That isn’t strictly true: For a half-century, since President Richard M. Nixon’s opening to Communist China, the United States has maintained a policy of “strategic ambiguity” toward Taiwan, which includes a recognition of Beijing as the sole legitimate Chinese government, a commitment to help Taiwan defend itself with American-made weaponry — and vagueness about what else the U.S. might or might not do. There is no formal mutual defense treaty such as the ones the United States has with South Korea and Japan.

And so Mr. Biden’s seeming declaration of such a “commitment” sent White House aides scrambling to clarify a remark critics were quick to call a “gaffe.” In a statement, the White House recast Mr. Biden’s comment as a simple reiteration of the long-standing U.S. policy, which “has not changed.” But neither China, which warned against “causing grave damage to bilateral relations,” nor Taiwan, which expressed “gratitude” for Mr. Biden’s “rock-solid commitment to Taiwan,” appeared to buy it.

Henry Olsen: Biden is right to say the U.S. should defend Taiwan

We don’t pretend to know why Mr. Biden made his comment. What we will say is that it’s not cause for a crisis. To the contrary, there might be a benefit. Mr. Biden did not so much end strategic ambiguity as modify it. Between his repeated allusions to a U.S. duty to defend Taiwan — Monday’s was the third such since August — and his staff’s repeated denials that the president’s words mean quite what they seem to mean, Beijing has new reasons to think long and hard before sending its armed forces across the Taiwan Strait. Yet the People’s Republic of China cannot quite accuse the United States of violating the understandings forged in Nixon’s time because, technically, it hasn’t.

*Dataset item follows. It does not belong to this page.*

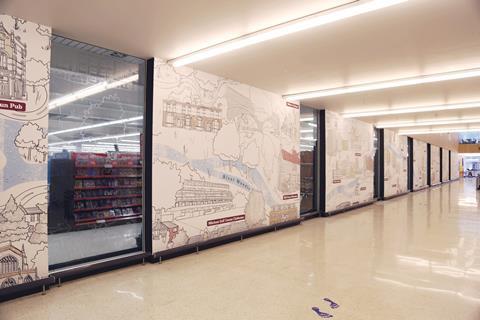 The Wandsworth store has graphic detailing the course of the River Wandle and the buildings along its banks that runs across the front of the store.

Certainly, the president was correct Monday when he said, apropos of a potential Chinese repeat of Russia’s aggression against a pro-Western neighbor, that “the idea that [Taiwan] can be taken by force, just taken by force, it’s just not appropriate. It would dislocate the entire region and be another action similar to what happened in Ukraine. And so it’s a burden that is even stronger.”

If there’s a flaw in Mr. Biden’s approach to countering China, it’s the vagueness of the plan for regional commercial integration he’s offering — the Indo-Pacific Economic Framework. It is no substitute for the market-opening Trans-Pacific Partnership that was negotiated by President Barack Obama and then abandoned by President Donald Trump. Mr. Biden has China guessing about U.S. intentions toward Taiwan. Maximizing Beijing’s worries, however, would require much more robust economic engagement with East Asia, India and Australia.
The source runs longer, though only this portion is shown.